▸ **TASK DETAILS**
From the records below, output exactly the lines running from the line containing "With Gilson's complete" through the line containing "And that is", and no others.

▸ **INFORMATION GIVEN**
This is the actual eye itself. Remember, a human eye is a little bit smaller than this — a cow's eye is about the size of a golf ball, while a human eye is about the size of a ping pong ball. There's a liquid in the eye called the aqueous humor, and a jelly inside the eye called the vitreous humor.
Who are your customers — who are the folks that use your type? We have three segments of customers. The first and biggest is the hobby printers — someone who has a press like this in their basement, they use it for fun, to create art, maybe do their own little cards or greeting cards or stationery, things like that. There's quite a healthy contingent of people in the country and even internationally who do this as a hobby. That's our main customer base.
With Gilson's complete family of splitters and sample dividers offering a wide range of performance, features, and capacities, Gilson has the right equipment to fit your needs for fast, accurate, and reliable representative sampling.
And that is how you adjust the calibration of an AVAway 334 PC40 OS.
---
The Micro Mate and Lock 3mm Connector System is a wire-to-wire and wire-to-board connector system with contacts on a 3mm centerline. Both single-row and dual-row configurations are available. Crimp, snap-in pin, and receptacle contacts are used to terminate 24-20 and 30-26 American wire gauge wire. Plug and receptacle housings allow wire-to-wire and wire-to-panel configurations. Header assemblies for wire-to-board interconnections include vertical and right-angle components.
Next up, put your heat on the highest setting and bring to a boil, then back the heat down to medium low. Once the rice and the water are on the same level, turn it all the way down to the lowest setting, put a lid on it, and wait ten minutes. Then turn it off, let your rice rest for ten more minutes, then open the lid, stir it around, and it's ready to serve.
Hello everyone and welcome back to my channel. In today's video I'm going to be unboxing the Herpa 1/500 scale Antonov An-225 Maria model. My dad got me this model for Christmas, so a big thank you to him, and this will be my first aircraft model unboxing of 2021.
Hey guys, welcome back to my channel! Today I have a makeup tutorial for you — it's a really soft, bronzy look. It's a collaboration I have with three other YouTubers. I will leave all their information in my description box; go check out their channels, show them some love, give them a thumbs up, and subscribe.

▸ **PROBLEM SOLUTION**
With Gilson's complete family of splitters and sample dividers offering a wide range of performance, features, and capacities, Gilson has the right equipment to fit your needs for fast, accurate, and reliable representative sampling.
And that is how you adjust the calibration of an AVAway 334 PC40 OS.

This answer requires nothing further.